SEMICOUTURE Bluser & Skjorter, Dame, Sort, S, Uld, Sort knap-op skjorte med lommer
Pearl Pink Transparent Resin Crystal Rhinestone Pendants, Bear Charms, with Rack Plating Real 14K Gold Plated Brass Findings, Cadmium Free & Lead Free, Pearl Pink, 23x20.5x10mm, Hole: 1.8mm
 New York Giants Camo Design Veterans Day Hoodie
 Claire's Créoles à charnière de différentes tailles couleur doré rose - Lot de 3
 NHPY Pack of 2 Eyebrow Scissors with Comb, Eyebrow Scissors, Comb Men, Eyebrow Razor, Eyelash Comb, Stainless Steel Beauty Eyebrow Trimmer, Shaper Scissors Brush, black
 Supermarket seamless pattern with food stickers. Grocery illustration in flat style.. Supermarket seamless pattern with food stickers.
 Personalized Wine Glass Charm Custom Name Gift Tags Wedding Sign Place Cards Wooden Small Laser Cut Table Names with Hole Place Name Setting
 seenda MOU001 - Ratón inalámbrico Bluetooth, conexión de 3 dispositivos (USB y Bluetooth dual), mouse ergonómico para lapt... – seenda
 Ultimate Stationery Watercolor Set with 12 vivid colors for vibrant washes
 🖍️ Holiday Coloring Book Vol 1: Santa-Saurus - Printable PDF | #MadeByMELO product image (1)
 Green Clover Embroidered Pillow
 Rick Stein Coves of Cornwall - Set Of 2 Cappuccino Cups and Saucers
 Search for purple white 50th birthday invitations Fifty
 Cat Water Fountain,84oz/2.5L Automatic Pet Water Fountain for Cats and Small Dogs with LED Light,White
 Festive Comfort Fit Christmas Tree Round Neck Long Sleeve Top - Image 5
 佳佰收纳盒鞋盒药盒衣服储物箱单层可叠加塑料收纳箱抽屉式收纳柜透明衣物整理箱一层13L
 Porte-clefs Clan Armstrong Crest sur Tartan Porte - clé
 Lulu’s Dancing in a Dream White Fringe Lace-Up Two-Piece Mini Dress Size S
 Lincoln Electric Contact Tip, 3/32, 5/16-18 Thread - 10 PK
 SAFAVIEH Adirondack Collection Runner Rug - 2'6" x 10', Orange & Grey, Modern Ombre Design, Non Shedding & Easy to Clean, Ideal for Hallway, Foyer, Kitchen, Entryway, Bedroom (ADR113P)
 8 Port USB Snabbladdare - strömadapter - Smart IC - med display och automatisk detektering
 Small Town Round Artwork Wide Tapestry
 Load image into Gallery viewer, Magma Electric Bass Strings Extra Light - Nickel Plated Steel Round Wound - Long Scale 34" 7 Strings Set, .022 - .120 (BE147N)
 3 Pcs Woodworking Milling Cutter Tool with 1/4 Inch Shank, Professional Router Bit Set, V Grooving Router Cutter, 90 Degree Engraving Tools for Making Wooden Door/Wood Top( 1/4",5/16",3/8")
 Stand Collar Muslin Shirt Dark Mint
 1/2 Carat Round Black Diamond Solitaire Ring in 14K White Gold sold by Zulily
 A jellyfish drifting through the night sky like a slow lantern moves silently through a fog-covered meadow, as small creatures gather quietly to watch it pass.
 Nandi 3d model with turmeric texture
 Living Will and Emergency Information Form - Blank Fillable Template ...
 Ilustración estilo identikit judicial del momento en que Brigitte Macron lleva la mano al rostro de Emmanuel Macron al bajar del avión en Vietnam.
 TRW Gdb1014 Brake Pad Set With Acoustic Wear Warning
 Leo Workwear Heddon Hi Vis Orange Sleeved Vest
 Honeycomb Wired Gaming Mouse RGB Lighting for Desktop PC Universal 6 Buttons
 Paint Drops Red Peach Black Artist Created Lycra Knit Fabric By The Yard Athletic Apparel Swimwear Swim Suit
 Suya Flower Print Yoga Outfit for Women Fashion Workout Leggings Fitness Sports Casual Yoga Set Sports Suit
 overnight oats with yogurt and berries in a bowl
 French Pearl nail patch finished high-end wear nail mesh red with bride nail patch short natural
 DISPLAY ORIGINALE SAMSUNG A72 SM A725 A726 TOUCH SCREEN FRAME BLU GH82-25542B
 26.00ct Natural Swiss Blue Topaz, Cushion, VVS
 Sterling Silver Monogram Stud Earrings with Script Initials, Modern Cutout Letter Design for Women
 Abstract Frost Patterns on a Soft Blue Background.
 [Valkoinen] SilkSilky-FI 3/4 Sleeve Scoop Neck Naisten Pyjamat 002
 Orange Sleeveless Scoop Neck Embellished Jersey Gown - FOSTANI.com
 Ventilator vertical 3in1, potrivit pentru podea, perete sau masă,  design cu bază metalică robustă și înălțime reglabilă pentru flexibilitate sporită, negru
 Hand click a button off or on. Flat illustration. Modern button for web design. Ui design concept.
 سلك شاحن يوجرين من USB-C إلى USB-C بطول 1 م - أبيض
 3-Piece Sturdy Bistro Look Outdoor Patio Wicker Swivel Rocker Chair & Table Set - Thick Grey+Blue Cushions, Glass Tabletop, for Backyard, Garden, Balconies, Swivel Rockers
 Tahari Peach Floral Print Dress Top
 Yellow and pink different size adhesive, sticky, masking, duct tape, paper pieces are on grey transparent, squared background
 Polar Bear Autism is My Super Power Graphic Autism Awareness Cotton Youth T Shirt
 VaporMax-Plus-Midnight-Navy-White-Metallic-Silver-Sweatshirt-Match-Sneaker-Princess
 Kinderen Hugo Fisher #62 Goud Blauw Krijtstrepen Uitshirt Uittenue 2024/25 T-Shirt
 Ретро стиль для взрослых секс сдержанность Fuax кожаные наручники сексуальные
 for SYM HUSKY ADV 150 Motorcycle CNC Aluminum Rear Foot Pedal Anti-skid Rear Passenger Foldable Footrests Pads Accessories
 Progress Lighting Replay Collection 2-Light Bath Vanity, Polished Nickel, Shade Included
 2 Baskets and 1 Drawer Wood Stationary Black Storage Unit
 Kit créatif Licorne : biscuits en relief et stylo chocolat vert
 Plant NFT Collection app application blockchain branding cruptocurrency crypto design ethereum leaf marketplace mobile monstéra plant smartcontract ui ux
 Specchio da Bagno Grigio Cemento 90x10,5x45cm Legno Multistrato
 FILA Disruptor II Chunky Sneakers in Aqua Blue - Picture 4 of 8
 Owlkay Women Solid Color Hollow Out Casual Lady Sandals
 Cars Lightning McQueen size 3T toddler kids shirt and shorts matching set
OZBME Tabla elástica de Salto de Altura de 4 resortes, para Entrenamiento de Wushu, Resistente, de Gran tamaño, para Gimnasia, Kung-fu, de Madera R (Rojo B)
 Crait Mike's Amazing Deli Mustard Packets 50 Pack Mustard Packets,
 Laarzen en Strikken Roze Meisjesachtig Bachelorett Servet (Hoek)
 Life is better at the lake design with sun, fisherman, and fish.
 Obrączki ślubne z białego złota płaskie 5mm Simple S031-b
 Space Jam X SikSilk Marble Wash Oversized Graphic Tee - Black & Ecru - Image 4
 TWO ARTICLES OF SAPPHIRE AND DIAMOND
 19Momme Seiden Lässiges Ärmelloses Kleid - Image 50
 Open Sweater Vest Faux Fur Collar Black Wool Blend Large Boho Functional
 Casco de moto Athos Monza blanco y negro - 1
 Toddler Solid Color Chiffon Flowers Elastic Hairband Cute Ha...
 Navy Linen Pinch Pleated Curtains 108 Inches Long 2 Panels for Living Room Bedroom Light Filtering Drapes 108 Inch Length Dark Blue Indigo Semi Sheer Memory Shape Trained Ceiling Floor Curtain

* **What to work on**
Nothing should be left out when the listing is retyped exactly.

* **Response**
SEMICOUTURE Bluser & Skjorter, Dame, Sort, S, Uld, Sort knap-op skjorte med lommer
Pearl Pink Transparent Resin Crystal Rhinestone Pendants, Bear Charms, with Rack Plating Real 14K Gold Plated Brass Findings, Cadmium Free & Lead Free, Pearl Pink, 23x20.5x10mm, Hole: 1.8mm
 New York Giants Camo Design Veterans Day Hoodie
 Claire's Créoles à charnière de différentes tailles couleur doré rose - Lot de 3
 NHPY Pack of 2 Eyebrow Scissors with Comb, Eyebrow Scissors, Comb Men, Eyebrow Razor, Eyelash Comb, Stainless Steel Beauty Eyebrow Trimmer, Shaper Scissors Brush, black
 Supermarket seamless pattern with food stickers. Grocery illustration in flat style.. Supermarket seamless pattern with food stickers.
 Personalized Wine Glass Charm Custom Name Gift Tags Wedding Sign Place Cards Wooden Small Laser Cut Table Names with Hole Place Name Setting
 seenda MOU001 - Ratón inalámbrico Bluetooth, conexión de 3 dispositivos (USB y Bluetooth dual), mouse ergonómico para lapt... – seenda
 Ultimate Stationery Watercolor Set with 12 vivid colors for vibrant washes
 🖍️ Holiday Coloring Book Vol 1: Santa-Saurus - Printable PDF | #MadeByMELO product image (1)
 Green Clover Embroidered Pillow
 Rick Stein Coves of Cornwall - Set Of 2 Cappuccino Cups and Saucers
 Search for purple white 50th birthday invitations Fifty
 Cat Water Fountain,84oz/2.5L Automatic Pet Water Fountain for Cats and Small Dogs with LED Light,White
 Festive Comfort Fit Christmas Tree Round Neck Long Sleeve Top - Image 5
 佳佰收纳盒鞋盒药盒衣服储物箱单层可叠加塑料收纳箱抽屉式收纳柜透明衣物整理箱一层13L
 Porte-clefs Clan Armstrong Crest sur Tartan Porte - clé
 Lulu’s Dancing in a Dream White Fringe Lace-Up Two-Piece Mini Dress Size S
 Lincoln Electric Contact Tip, 3/32, 5/16-18 Thread - 10 PK
 SAFAVIEH Adirondack Collection Runner Rug - 2'6" x 10', Orange & Grey, Modern Ombre Design, Non Shedding & Easy to Clean, Ideal for Hallway, Foyer, Kitchen, Entryway, Bedroom (ADR113P)
 8 Port USB Snabbladdare - strömadapter - Smart IC - med display och automatisk detektering
 Small Town Round Artwork Wide Tapestry
 Load image into Gallery viewer, Magma Electric Bass Strings Extra Light - Nickel Plated Steel Round Wound - Long Scale 34" 7 Strings Set, .022 - .120 (BE147N)
 3 Pcs Woodworking Milling Cutter Tool with 1/4 Inch Shank, Professional Router Bit Set, V Grooving Router Cutter, 90 Degree Engraving Tools for Making Wooden Door/Wood Top( 1/4",5/16",3/8")
 Stand Collar Muslin Shirt Dark Mint
 1/2 Carat Round Black Diamond Solitaire Ring in 14K White Gold sold by Zulily
 A jellyfish drifting through the night sky like a slow lantern moves silently through a fog-covered meadow, as small creatures gather quietly to watch it pass.
 Nandi 3d model with turmeric texture
 Living Will and Emergency Information Form - Blank Fillable Template ...
 Ilustración estilo identikit judicial del momento en que Brigitte Macron lleva la mano al rostro de Emmanuel Macron al bajar del avión en Vietnam.
 TRW Gdb1014 Brake Pad Set With Acoustic Wear Warning
 Leo Workwear Heddon Hi Vis Orange Sleeved Vest
 Honeycomb Wired Gaming Mouse RGB Lighting for Desktop PC Universal 6 Buttons
 Paint Drops Red Peach Black Artist Created Lycra Knit Fabric By The Yard Athletic Apparel Swimwear Swim Suit
 Suya Flower Print Yoga Outfit for Women Fashion Workout Leggings Fitness Sports Casual Yoga Set Sports Suit
 overnight oats with yogurt and berries in a bowl
 French Pearl nail patch finished high-end wear nail mesh red with bride nail patch short natural
 DISPLAY ORIGINALE SAMSUNG A72 SM A725 A726 TOUCH SCREEN FRAME BLU GH82-25542B
 26.00ct Natural Swiss Blue Topaz, Cushion, VVS
 Sterling Silver Monogram Stud Earrings with Script Initials, Modern Cutout Letter Design for Women
 Abstract Frost Patterns on a Soft Blue Background.
 [Valkoinen] SilkSilky-FI 3/4 Sleeve Scoop Neck Naisten Pyjamat 002
 Orange Sleeveless Scoop Neck Embellished Jersey Gown - FOSTANI.com
 Ventilator vertical 3in1, potrivit pentru podea, perete sau masă,  design cu bază metalică robustă și înălțime reglabilă pentru flexibilitate sporită, negru
 Hand click a button off or on. Flat illustration. Modern button for web design. Ui design concept.
 سلك شاحن يوجرين من USB-C إلى USB-C بطول 1 م - أبيض
 3-Piece Sturdy Bistro Look Outdoor Patio Wicker Swivel Rocker Chair & Table Set - Thick Grey+Blue Cushions, Glass Tabletop, for Backyard, Garden, Balconies, Swivel Rockers
 Tahari Peach Floral Print Dress Top
 Yellow and pink different size adhesive, sticky, masking, duct tape, paper pieces are on grey transparent, squared background
 Polar Bear Autism is My Super Power Graphic Autism Awareness Cotton Youth T Shirt
 VaporMax-Plus-Midnight-Navy-White-Metallic-Silver-Sweatshirt-Match-Sneaker-Princess
 Kinderen Hugo Fisher #62 Goud Blauw Krijtstrepen Uitshirt Uittenue 2024/25 T-Shirt
 Ретро стиль для взрослых секс сдержанность Fuax кожаные наручники сексуальные
 for SYM HUSKY ADV 150 Motorcycle CNC Aluminum Rear Foot Pedal Anti-skid Rear Passenger Foldable Footrests Pads Accessories
 Progress Lighting Replay Collection 2-Light Bath Vanity, Polished Nickel, Shade Included
 2 Baskets and 1 Drawer Wood Stationary Black Storage Unit
 Kit créatif Licorne : biscuits en relief et stylo chocolat vert
 Plant NFT Collection app application blockchain branding cruptocurrency crypto design ethereum leaf marketplace mobile monstéra plant smartcontract ui ux
 Specchio da Bagno Grigio Cemento 90x10,5x45cm Legno Multistrato
 FILA Disruptor II Chunky Sneakers in Aqua Blue - Picture 4 of 8
 Owlkay Women Solid Color Hollow Out Casual Lady Sandals
 Cars Lightning McQueen size 3T toddler kids shirt and shorts matching set
OZBME Tabla elástica de Salto de Altura de 4 resortes, para Entrenamiento de Wushu, Resistente, de Gran tamaño, para Gimnasia, Kung-fu, de Madera R (Rojo B)
 Crait Mike's Amazing Deli Mustard Packets 50 Pack Mustard Packets,
 Laarzen en Strikken Roze Meisjesachtig Bachelorett Servet (Hoek)
 Life is better at the lake design with sun, fisherman, and fish.
 Obrączki ślubne z białego złota płaskie 5mm Simple S031-b
 Space Jam X SikSilk Marble Wash Oversized Graphic Tee - Black & Ecru - Image 4
 TWO ARTICLES OF SAPPHIRE AND DIAMOND
 19Momme Seiden Lässiges Ärmelloses Kleid - Image 50
 Open Sweater Vest Faux Fur Collar Black Wool Blend Large Boho Functional
 Casco de moto Athos Monza blanco y negro - 1
 Toddler Solid Color Chiffon Flowers Elastic Hairband Cute Ha...
 Navy Linen Pinch Pleated Curtains 108 Inches Long 2 Panels for Living Room Bedroom Light Filtering Drapes 108 Inch Length Dark Blue Indigo Semi Sheer Memory Shape Trained Ceiling Floor Curtain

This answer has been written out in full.